Soybeans down on the day, but up on the week

Soybeans were lower on profit taking and technical selling but closing well above the session lows and finishing the week sharply higher. Rain fell during the week in some of the drier parts of the Midwest and Plains, helping production outlooks, at least to some extent. Ida could cause quality concerns and early harvest delays in the Delta and southeastern areas. Ahead of the open, China bought 129,000 tons of new crop U.S. soybeans, pushing the announced running total for the month to 3,241,940 tons, nearly all of that for 2021/22 delivery and primarily to either China or unknown destinations. Those sales to unknown destinations could turn out to be China when it’s time for delivery. A major Chinese import terminal did reopen this week. U.S. soybeans continue to hold a price advantage over Brazil. Brazil is expected to increase planted area and CONAB is projecting a record crop, but that’s up to the weather. Argentina is expected to reduce acreage, mostly heading to corn, and the world’s biggest exporter of soybean products is having issues getting meal and oil to port because of low levels on the Parana River. Soybean meal was lower on profit taking, while bean oil closed mostly firm on spread trade and oversold signals.
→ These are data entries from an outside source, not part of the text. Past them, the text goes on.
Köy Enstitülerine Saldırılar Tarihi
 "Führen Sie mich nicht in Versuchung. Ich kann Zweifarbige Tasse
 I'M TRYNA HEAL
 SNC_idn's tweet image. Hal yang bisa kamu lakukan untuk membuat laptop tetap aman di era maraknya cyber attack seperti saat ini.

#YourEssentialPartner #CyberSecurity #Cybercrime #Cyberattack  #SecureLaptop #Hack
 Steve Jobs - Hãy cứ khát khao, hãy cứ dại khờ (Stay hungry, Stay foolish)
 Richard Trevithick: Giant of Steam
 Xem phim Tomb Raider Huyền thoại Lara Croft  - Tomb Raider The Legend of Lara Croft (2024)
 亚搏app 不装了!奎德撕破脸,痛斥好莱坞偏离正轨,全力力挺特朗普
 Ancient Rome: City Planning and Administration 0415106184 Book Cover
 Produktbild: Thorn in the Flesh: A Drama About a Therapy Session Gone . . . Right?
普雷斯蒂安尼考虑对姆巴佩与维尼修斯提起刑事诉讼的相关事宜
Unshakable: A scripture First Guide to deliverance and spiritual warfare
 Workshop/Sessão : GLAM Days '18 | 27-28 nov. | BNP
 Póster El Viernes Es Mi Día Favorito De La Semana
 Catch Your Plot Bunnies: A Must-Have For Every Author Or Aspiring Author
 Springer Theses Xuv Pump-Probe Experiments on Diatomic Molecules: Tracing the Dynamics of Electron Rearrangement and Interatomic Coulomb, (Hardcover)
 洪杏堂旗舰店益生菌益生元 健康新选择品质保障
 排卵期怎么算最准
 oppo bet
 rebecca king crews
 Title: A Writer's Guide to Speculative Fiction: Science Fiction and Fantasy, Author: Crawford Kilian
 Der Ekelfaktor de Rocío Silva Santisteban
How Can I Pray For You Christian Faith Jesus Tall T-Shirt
Corn was mostly modestly higher, adjusting spreads, while posting solid weekly gains. Corn was also monitoring the weather, especially minor yield concerns in some central and eastern portions of the growing region. Corn will need a trend-line yield or better to meet demand expectations and limit further price inflation for end users. That’s also true for soybeans. U.S. corn is currently one of the best feed options on the export market. Colombia bought 150,000 tons of U.S. corn Friday morning for a two-day purchase total of 250,000 tons, all for delivery after September 1st. Argentina and Brazil are both expected to increase planted acreage, leading to more export competition. Still, that will depend on how the expected La Nina pattern this fall and winter impacts development. Ethanol futures were unchanged.

The wheat complex was mixed, with Chicago and Kansas City down and Minneapolis up, and all three pits closing higher for the week. Recent global production outlooks are mixed, generally down in the U.S., Canada, Russia, and parts of Europe, but up in Ukraine and Australia. Statistics Canada’s updated domestic production estimate is out Monday morning. Canada’s spring crop has been plagued by the same issues impacting the U.S. spring crop, with rain now delaying harvest activity and further harming quality. Nearly a quarter into the 2021/22 marketing year, U.S. export demand has been slow but is expected to improve since Australia and Ukraine can’t pick up all of the slack from production shortfalls in other nations. India could also be a factor on the global market. Argentina is a question mark because of expected lower yields due to La Nina. Argentina is a big supplier to the Mercosur trading bloc. Wheat is also watching U.S. conditions ahead of winter wheat planting. The recent rain has helped in parts of the Plains, but more will be needed. There are early expectations for a significant reduction in white winter planting in the northwestern Plains due to severe drought conditions.